A common question many parents have is: “When is my child old enough to wear contact lenses?” Contact lenses can offer several benefits over other forms of vision correction for kids but how do you know the timing is right?
Physically, your child’s eyes can tolerate contact lenses at a very young age. In fact, some babies are fitted with contact lenses due to eye conditions present at birth. In a recent study that involved fitting nearsighted children ages 8-11 with one-day disposable contact lenses, 90% had no trouble applying or removing the contacts without assistance from their parents.
A Matter of Maturity
The important question to ask yourself is whether your child is mature enough to insert, remove, and take care of their contact lenses. How they handle other responsibilities at home will give you a clue. If your child has poor grooming habits and needs frequent reminders to perform everyday chores, they may not be ready for the responsibility of wearing and caring for contact lenses. But if they are conscientious and handle these things well, they may be excellent candidates for contact lens wear, regardless of their age.
Contact Lenses for Sports
Many kids are active in sports. Contact lenses offer several advantages over glasses for these activities. Contacts don’t fog up, get streaked with perspiration, or get knocked off like glasses can. They also provide better peripheral vision than glasses, which is important for nearly every sport. There are even contact lenses with special tints to help your child see the ball easier.

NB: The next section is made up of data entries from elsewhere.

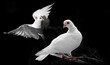 white pigeon in the dark
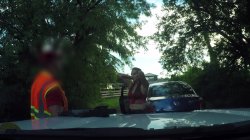 'Roadside XXX' screenshot nº 54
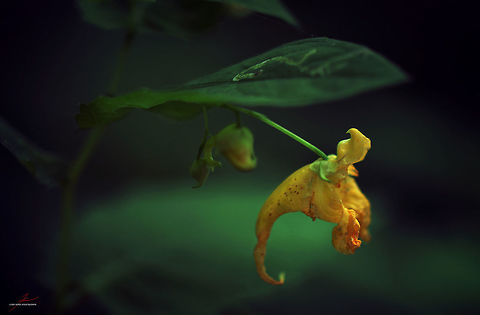 Impatiens noli-tangere  Flora,Geotagged,Germany,Impatiens noli-tangere,Macro,Plants,Touch-me-not balsam,Wildflowers,bloom,blossom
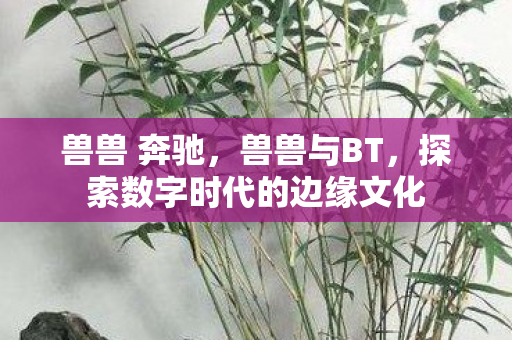 兽兽 奔驰，兽兽与BT，探索数字时代的边缘文化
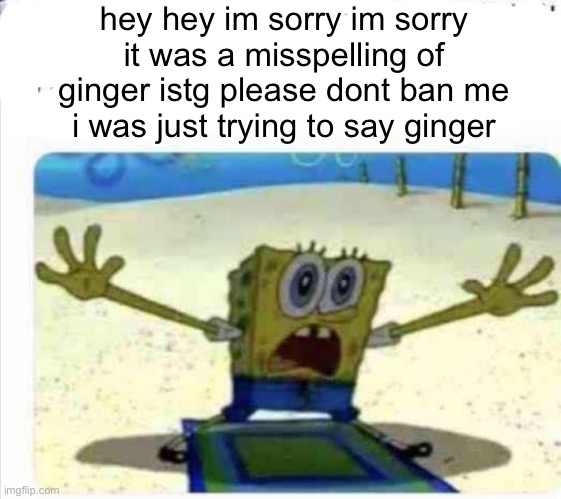 /j SpongeBob | hey hey im sorry im sorry it was a misspelling of ginger istg please dont ban me i was just trying to say ginger | image tagged in /j spongebob | made w/ Imgflip meme maker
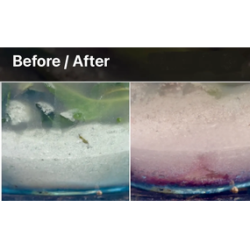 13 - Indirubin pigment, complementary courses for "INSIDE INDIGO" by Julia Tabakhova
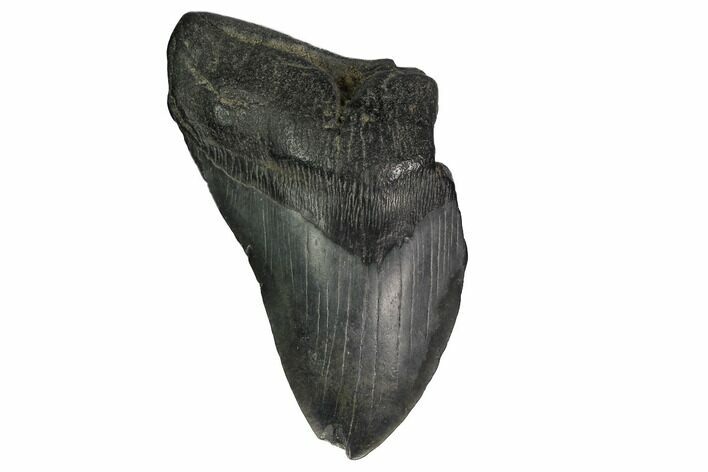 Partial Megalodon Tooth - South Carolina #171122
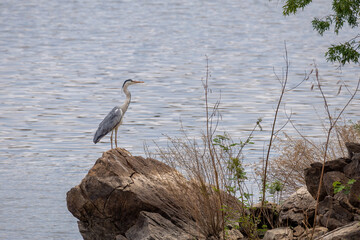 Grey heron standing on rock of lake oanob-dam
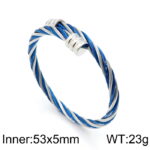 Wholesale Stainless 316 Steel Bangles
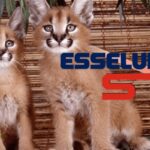 esselunga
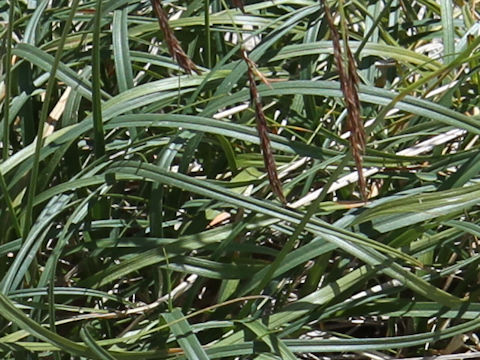 Carex stenantha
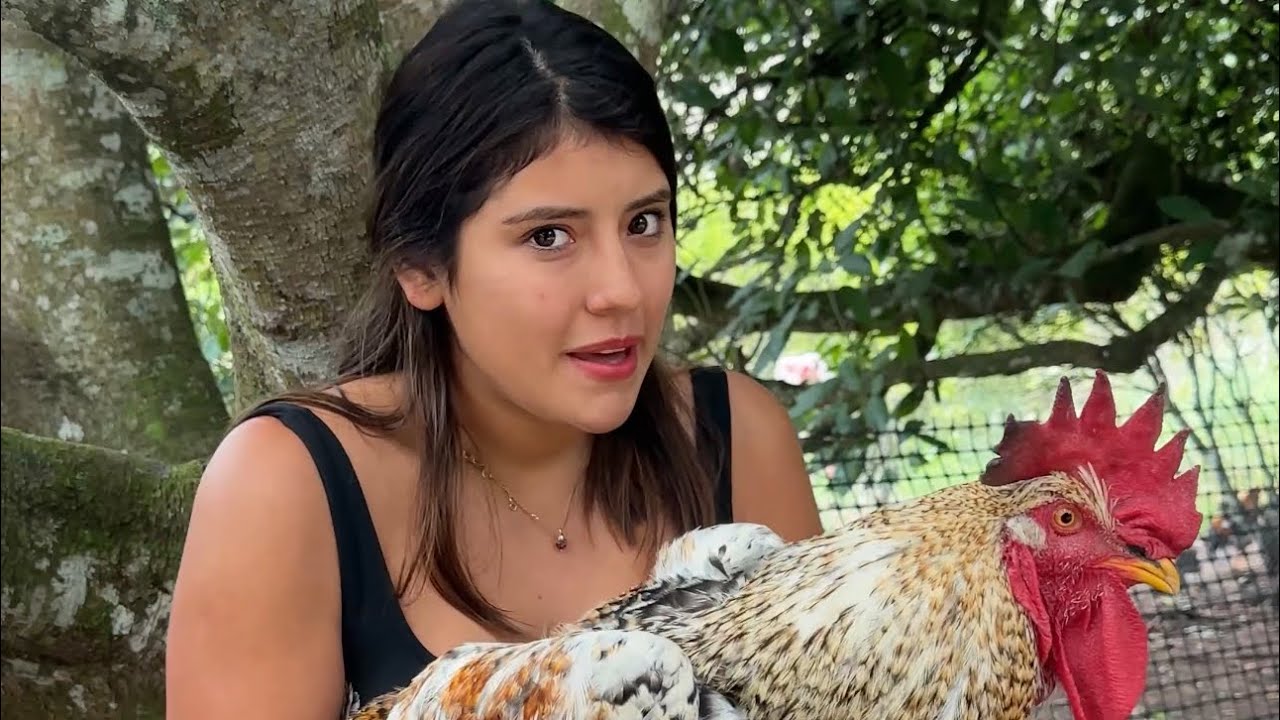 Compr&eacute; Pollos Gigantes 🐓~ Saida ZC ~ 💚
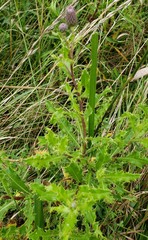 Cirsium pumilum
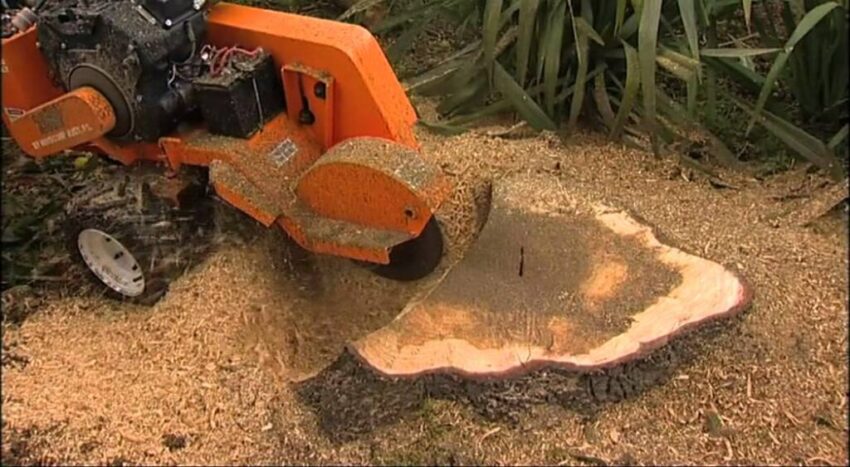 stump removal near you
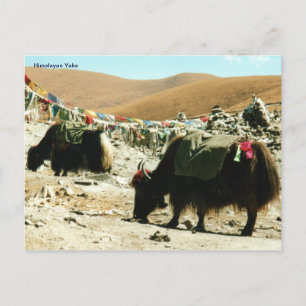 Postcard Himalayan Yaks Postkarte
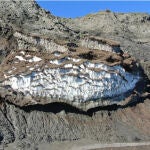 El permafrost siberiano escondía un gusano que puede tener la clave de los misterios de la genética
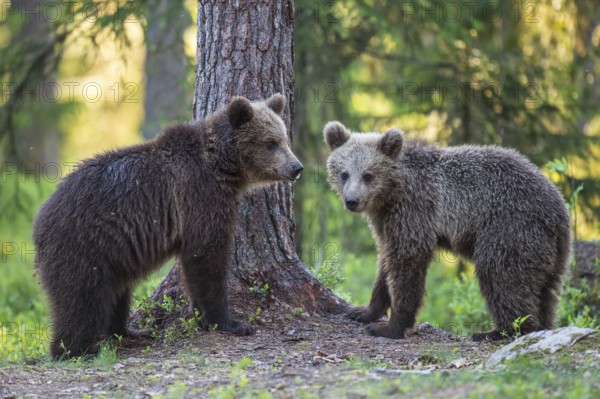 Eurasian Brown Bear (Ursus arctos) two cubs in forest, Finland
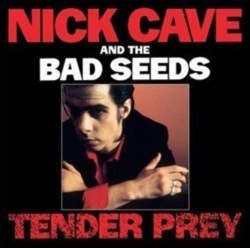 Capa do artigo Tender Prey - CD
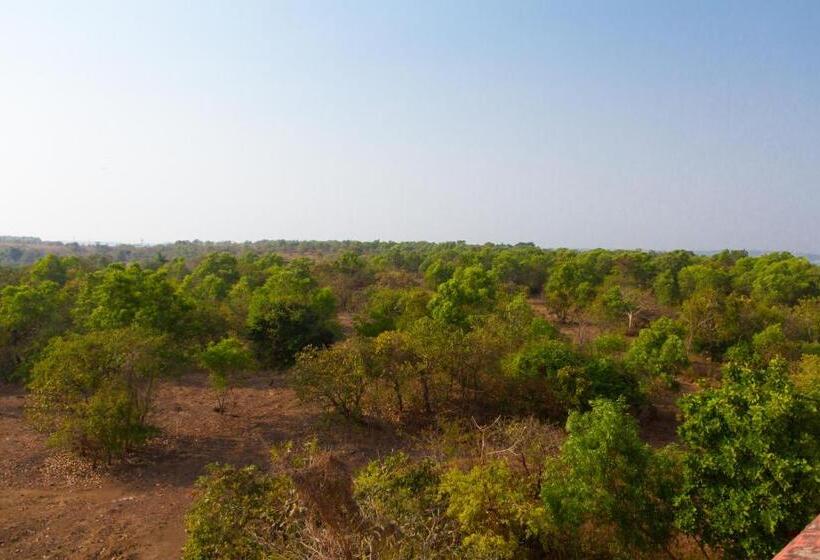 １ベッドルームアパートメント, Westwood Residence Goa   The Boutique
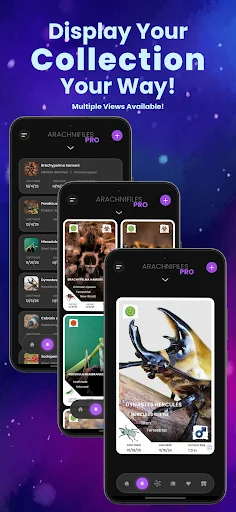 Arachnifiles: Rastreador de Arañas – Cuida tus Exóticos hoy - Screenshot 3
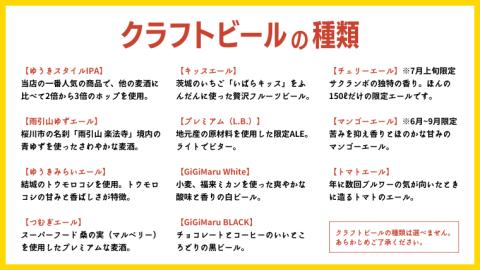 【12ヶ月定期便】クラフトビール おまかせ 6本 セット 定期便 （全12回） 結城麦酒 セット ビール 飲み比べ 詰め合わせ ご当地ビール クラフトビール 地ビール [DK004sa]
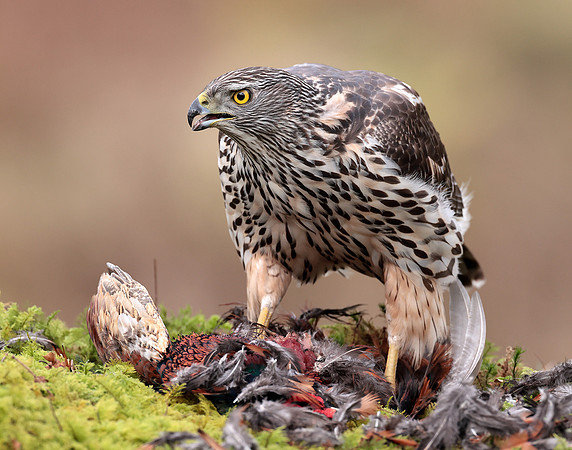Goshawk Accipiter gentilis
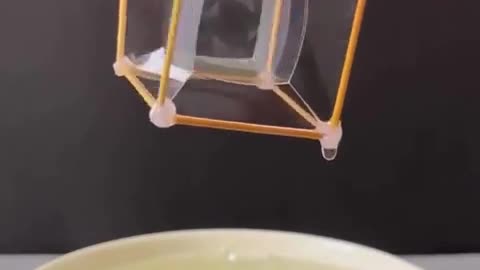 🤯✨ Mind Blown! The Science Behind Surface Tension | FeedMyCuriosity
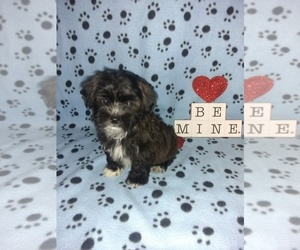 Yorkshire Terrier Puppy for sale in LAPEER, MI, USA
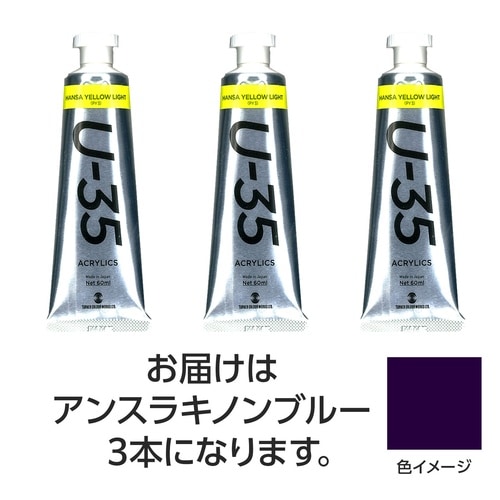 ターナー U35アンスラキノンブルー60ml 3個
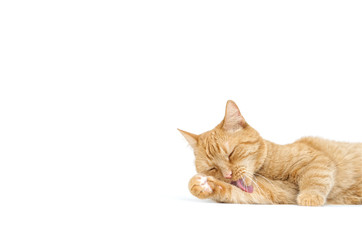 Fototapeta premium Adult red tabby cat lying isolated on white background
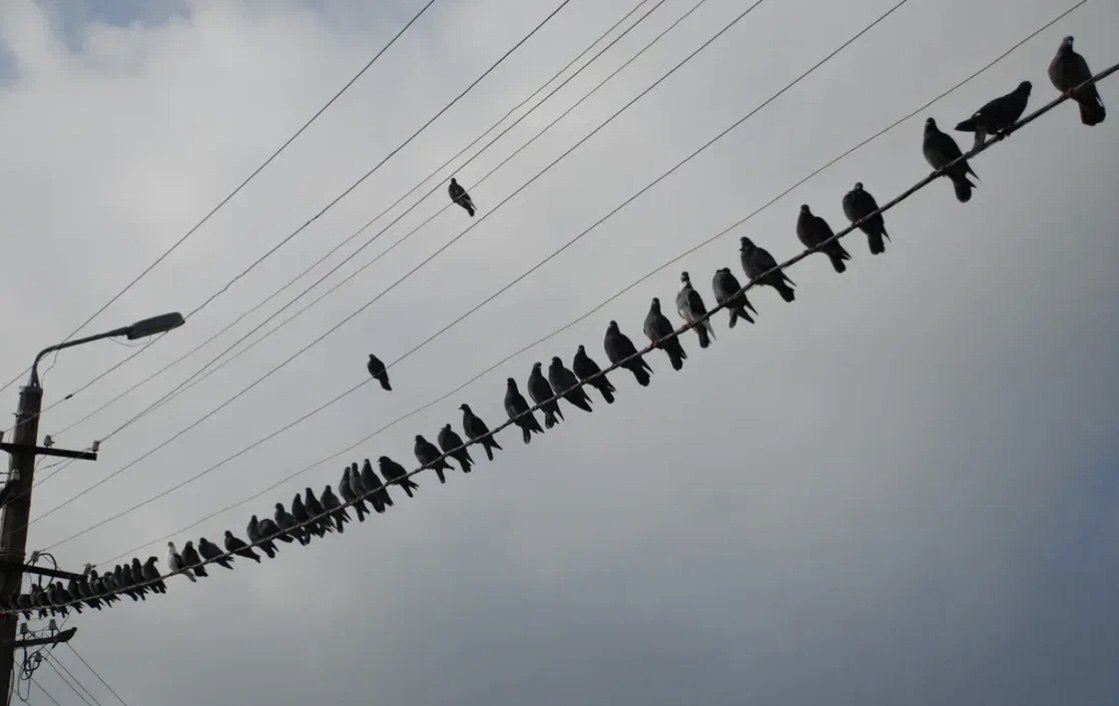 Фотография поста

Glasses Are Still Required
If your child chooses to wear contact lenses, they still need an up-to-date pair of eyeglasses. Contact lenses worn on a daily basis should be removed at least an hour before bedtime to allow the eyes to breathe. Also, there will be times when your child may want to wear their glasses instead of contact lenses. Contact lenses should always be removed immediately anytime they cause discomfort or eye redness.
Don’t Push Contacts on Your Kids
Motivation is often the most important factor in determining whether your son or daughter will be a successful contact lens wearer. If you wear contact lenses yourself and love them, that still doesn’t mean they are the right choice for your child. Some children like wearing glasses and have no desire to wear contact lenses.
Sometimes it’s just a matter of timing. Often, a child may feel they don’t want contacts, but a year or two later, they change their mind.